--- Task input ---

-*-*-

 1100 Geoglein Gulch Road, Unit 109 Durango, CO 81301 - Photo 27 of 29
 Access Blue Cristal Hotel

-*-*-

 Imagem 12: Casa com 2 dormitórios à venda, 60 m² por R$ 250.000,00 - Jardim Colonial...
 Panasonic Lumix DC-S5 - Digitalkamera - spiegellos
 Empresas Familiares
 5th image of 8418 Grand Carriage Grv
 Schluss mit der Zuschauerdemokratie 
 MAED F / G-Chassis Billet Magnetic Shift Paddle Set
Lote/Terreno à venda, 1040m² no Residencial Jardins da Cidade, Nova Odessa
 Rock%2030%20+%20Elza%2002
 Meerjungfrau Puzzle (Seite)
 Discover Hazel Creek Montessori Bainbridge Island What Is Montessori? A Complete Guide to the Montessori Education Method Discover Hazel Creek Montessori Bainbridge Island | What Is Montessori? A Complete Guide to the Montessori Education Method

-*-*-

--- Goal of the exercise ---
Could you write out, exactly as they stand, only the lines above that begin at the line with "1100 Geoglein Gulch" and stop after the line with "Access Blue Cristal Hotel"?

--- Solution ---
 1100 Geoglein Gulch Road, Unit 109 Durango, CO 81301 - Photo 27 of 29
 Access Blue Cristal Hotel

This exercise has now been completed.